Decent 360/PS3 article in EDN's "Voice of the Engineer"

Isn't the X360 a 3.5" Sata HDD inside a rack made for the console?
The HDD itself should have no physical differences with internal models.

Also, the cost of 1 platter HDDs are considered as invariable throught time. Unlike semiconductors the prices can't go down. On the other hand, you can can get more data space storage per cm² for the same price.
 
Vysez said:
Isn't the X360 a 3.5" Sata HDD inside a rack made for the console?
The HDD itself should have no physical differences with internal models.

Also, the cost of 1 platter HDDs are considered as invariable throught time. Unlike semiconductors the prices can't go down. On the other hand, dou can can get more data space storage per cm² for the same price.
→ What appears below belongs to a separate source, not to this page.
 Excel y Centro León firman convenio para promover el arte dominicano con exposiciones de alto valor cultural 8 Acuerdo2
Doesn't it have to be a 2.5 inch drive? The console itself is only 3.5 inches wide.
 
It should be a 2.5inch SATA drive (laptop style). I believe 4500rpm as well (5400rpm at best). It's a modified revision (different firmware flash?) of one of Seagates newer 2.5inch product lines.
 
Vysez said:
Isn't the X360 a 3.5" Sata HDD inside a rack made for the console?
The HDD itself should have no physical differences with internal models.

Also, the cost of 1 platter HDDs are considered as invariable throught time. Unlike semiconductors the prices can't go down. On the other hand, dou can can get more data space storage per cm² for the same price.
So why do top-end, or enw drives always start out expensive, then drop in price? R&D I suppose right?
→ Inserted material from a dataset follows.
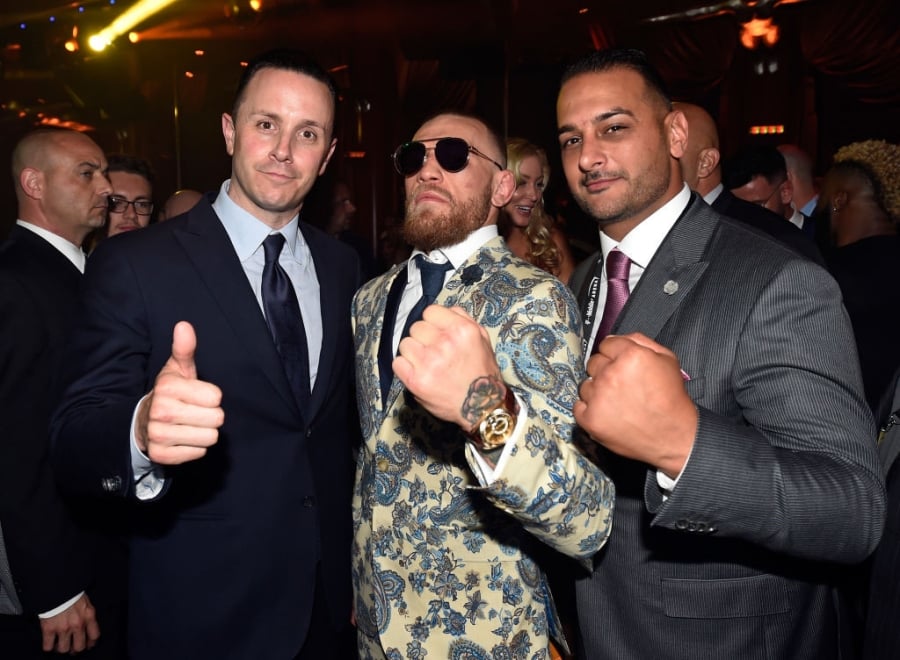 McGregor to chuc an mung hoanh trang du that bai truoc Mayweather hinh anh 8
Looks at the seagate momentus , 40GB external 2.5" HDD. Price is $100-130 for 40gb
http://www.shopbot.com.au/p-1806-44354.html

So that's $2-$3/gb which is extremely high.

I can get a SATA internal 40GB HDD for ~$60 which is only $1.50/mb.

As far as I can see there's every reason to expect the price of the external SATA 2.5" drives is still on the highside, and will decline over the next couple years.

So the 25/15 number sounds perfectly reasonable, it's predicting roughly a 40% drop in price, which is also what I would expect for external sata drives over the next year or two.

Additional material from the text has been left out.